REQUIRED WORK: Copy each line of the listing below exactly and drop the images.

DATASET ENTRIES:
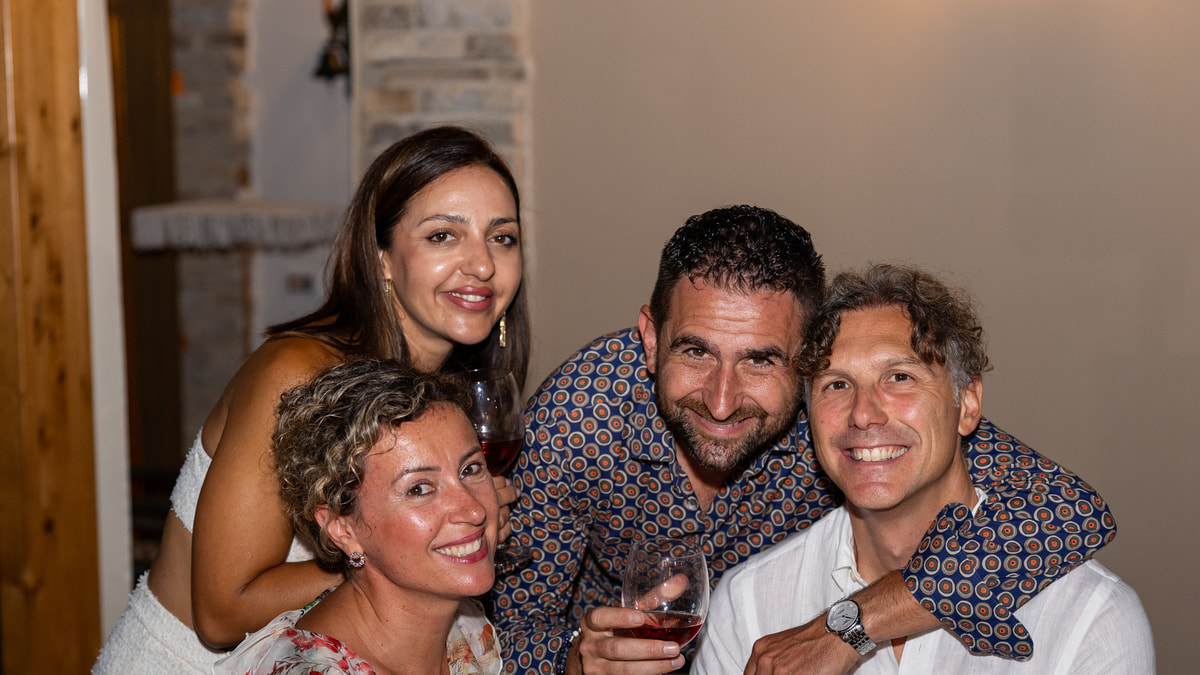 Quattro amici sorridenti stretti a una tavola, con un bicchiere di vino in mano.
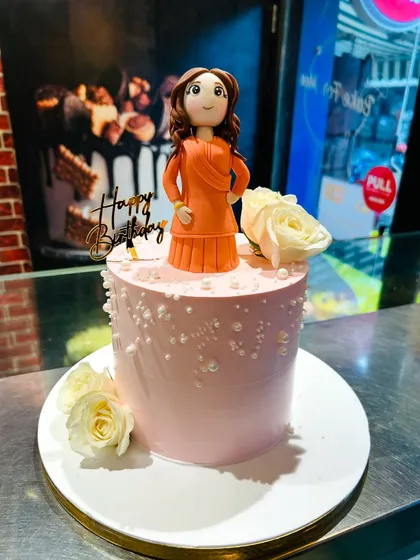 The full cake featuring the custom figurine, decorated with fresh white roses and edible pearls.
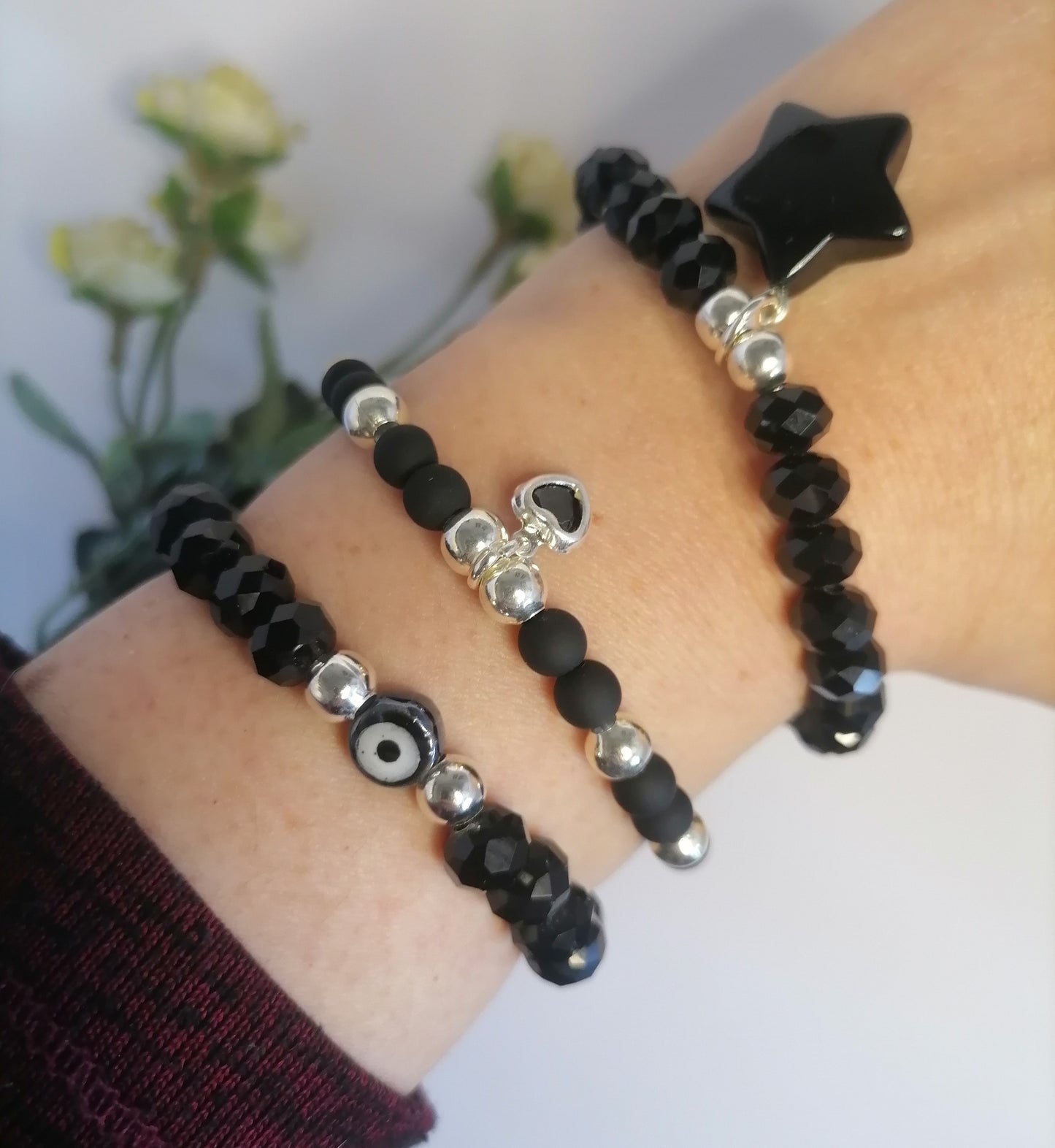 PQ013 | Pulsera cuentas negro brillante con dije ojo turco en acero blanco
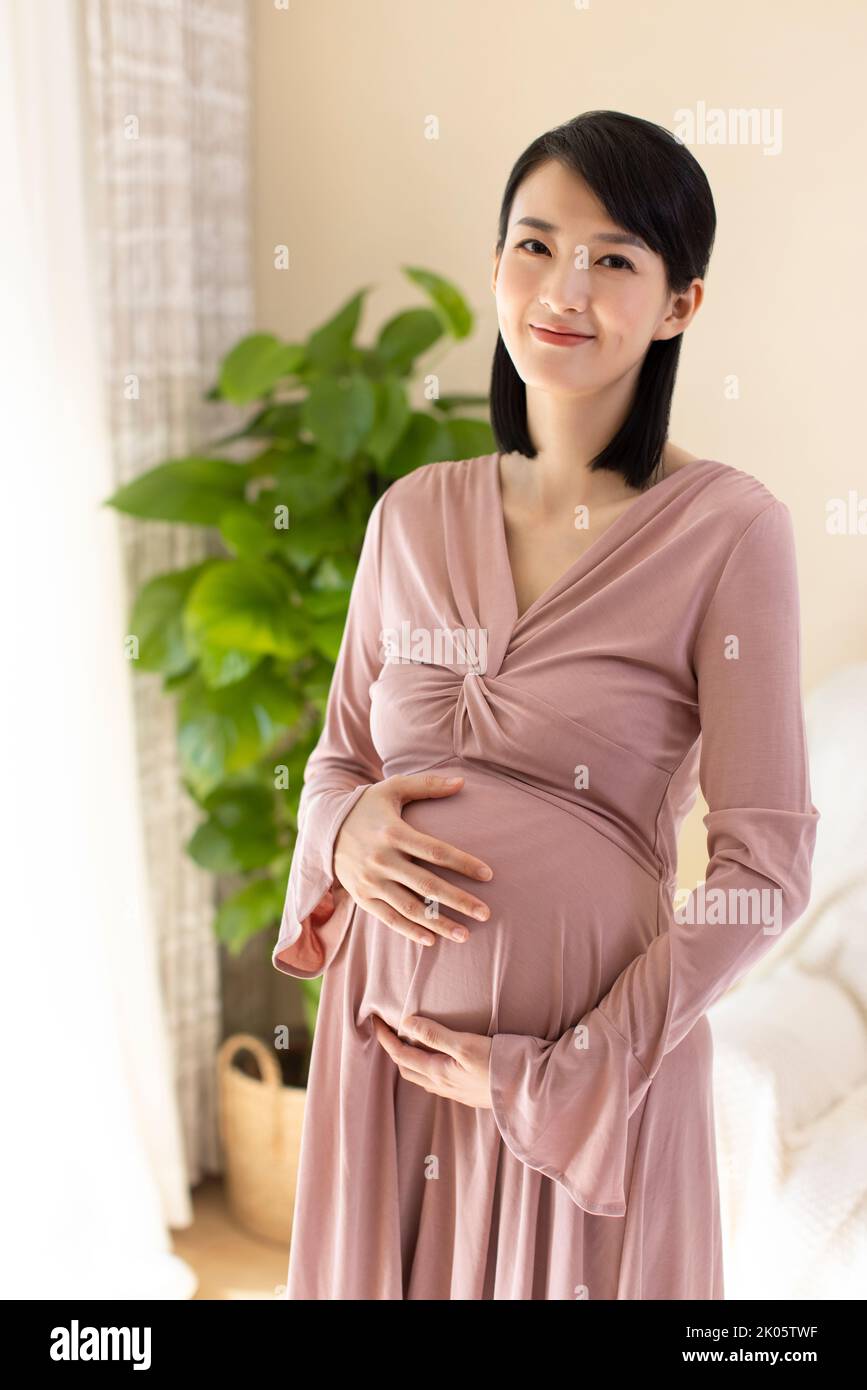 Chinois joyeuse femme enceinte détente à la maison Banque D'Images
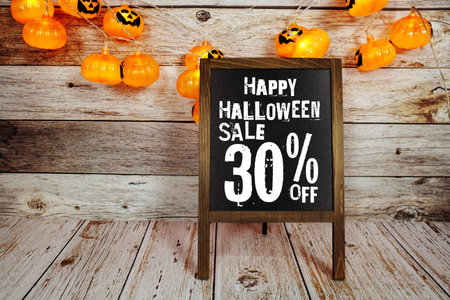 Halloween Sale 30% off text with LED pumpkin decoration on wooden backgroundの写真素材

YOUR RESPONSE:
 Quattro amici sorridenti stretti a una tavola, con un bicchiere di vino in mano.
 The full cake featuring the custom figurine, decorated with fresh white roses and edible pearls.
 PQ013 | Pulsera cuentas negro brillante con dije ojo turco en acero blanco
 Chinois joyeuse femme enceinte détente à la maison Banque D'Images
 Halloween Sale 30% off text with LED pumpkin decoration on wooden backgroundの写真素材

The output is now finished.